INFORMATION PROVIDED —
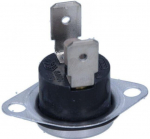 Bosch Siemens Limiter Temperatuur 1 8 1 8i Originaal 10013840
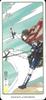 Japanese Mythology Tarot Extreme 5th Edition Naoki Yamamoto 83 Japanese commentary included (New Edition) cards, [Genuine]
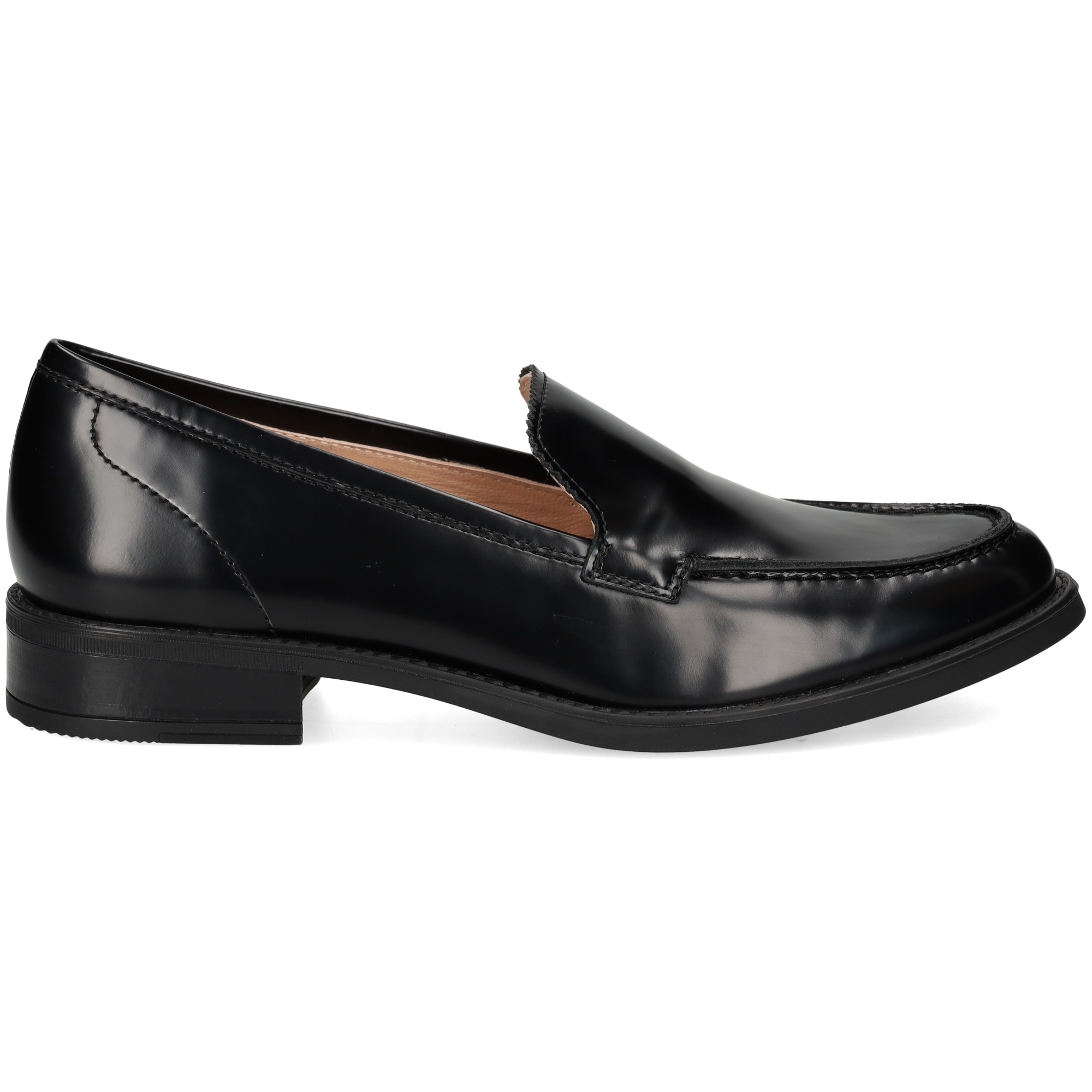 mocasin-liso-florentic-negro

YOUR GOAL — All of the material should be written out again exactly, apart from the pictures.

WRITTEN ANSWER —
 Bosch Siemens Limiter Temperatuur 1 8 1 8i Originaal 10013840
 Japanese Mythology Tarot Extreme 5th Edition Naoki Yamamoto 83 Japanese commentary included (New Edition) cards, [Genuine]
 mocasin-liso-florentic-negro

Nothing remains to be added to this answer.